Parsing XML as IO-stream


#1

I have a lot of XML-files (gzipped - about 1.5Gb in size) containing approximately 400000 elements
(

<REC></REC>

)
in which I am interested.

The structure of the file:

<records>
<REC>
...
</REC>
etc.
</records>

I have first looked at LightXML but could not figure out how to do streaming. Then I tried EzXML in this way (which worked for a few records, but then just hangs after a random number of records in the function eenrekord()):

using EzXML
using CodecZlib

function eenrekord(x)
    r = parsexml(string(x)) # This is where the process hangs - sometimes after 20 - 80 iterations.
    ut = nodecontent(findfirst(root(r), "//UID"))
    ut, string(r)
end

function xml_records(gzipfile,tabel,zipfile)
    l = GzipDecompressorStream(open(gzipfile))
    reader = EzXML.StreamReader(l)
    count = 0
    rcount = 0
    conn = dbcon()
    list = []
    while !done(reader)
        if nodetype(reader) == 1 && nodename(reader) == "REC"
            rcount += 1
            if rcount % 2 == 1
                x = expandtree(reader)
                ut, xml = eenrekord(x)
                push!(list, [zipfile, gzipfile, ut, xml])
                count +=1
                if count % 20000 == 0
                    println(count)
                   #  write_list_sql_table  - another function not shown here.     
                    list = []
                end
            end
        end
    end
    if telling % 20000 != 0
        println(count)
                   #  write_list_sql_table  - another function not shown here.     
    end
    close(conn)
end
gzipfile = "/tmp/some.xml.gz"
zipfile = "somezipfile.zip"
tabel = "core_2018"
xml_records(gzipfile,tabel,zipfile)

I have looked at LibExpat.jl of which the README indicates streaming from a file using xp_streaming_parsefile but I have no idea how to use it and I could not any example using it.

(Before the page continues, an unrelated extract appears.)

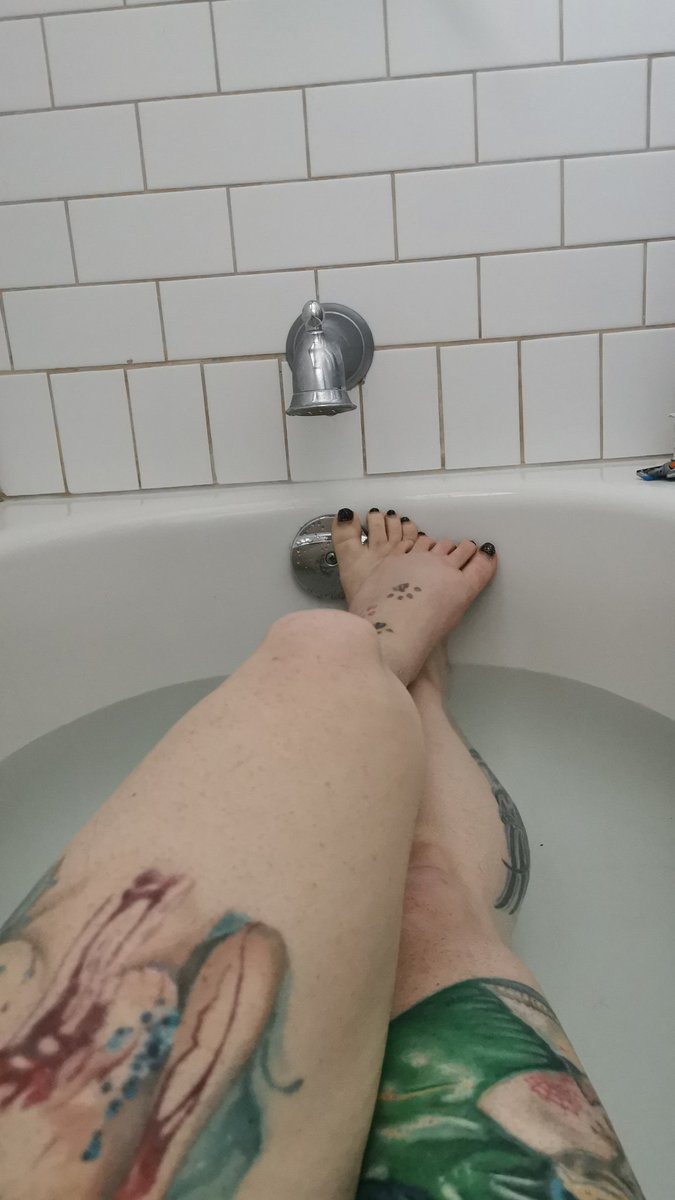 MistressTalon's tweet photo. Laying in the tub cuz I'm in pain. Send to make me forget about it.. 
Might have an edible later.. Lol

Yes this tub is a lot smaller than my usual one.

MissTalon1 is my CshAp. 

{FinDomme FemDomme paypig cashcow moneyslave footworship} https://t.co/hyNAiI9NYj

At this stage I just want to put <REC> </REC> as a XML-type record in the SQL table from where I will use PostgreSQL’s XPATH-capabilities to manipulate it. In total it will be about 60 million records I have to process in this way.

I will appreciate any references to good examples or tutorials on how to do this.

And any comments about mistakes I made in the code shown above.


#2

On my phone, so forgive the lack of code/links, but I recall running into a similar problem with a python library for streaming XML and the issue was that a huge chunck of each record was maintained in memory - I was only grabbing a single field from very large records, but all of the parts of the record that were not in my query were held onto, and I had to explicitly flush in every loop, otherwise the memory would load up and it would stall.w

I think it’s unlikely that the libraries you tried have this problem, but thought I’d mention it just in case :slight_smile:


#3

Hi, I’m a developer of EzXML and CodecZlib.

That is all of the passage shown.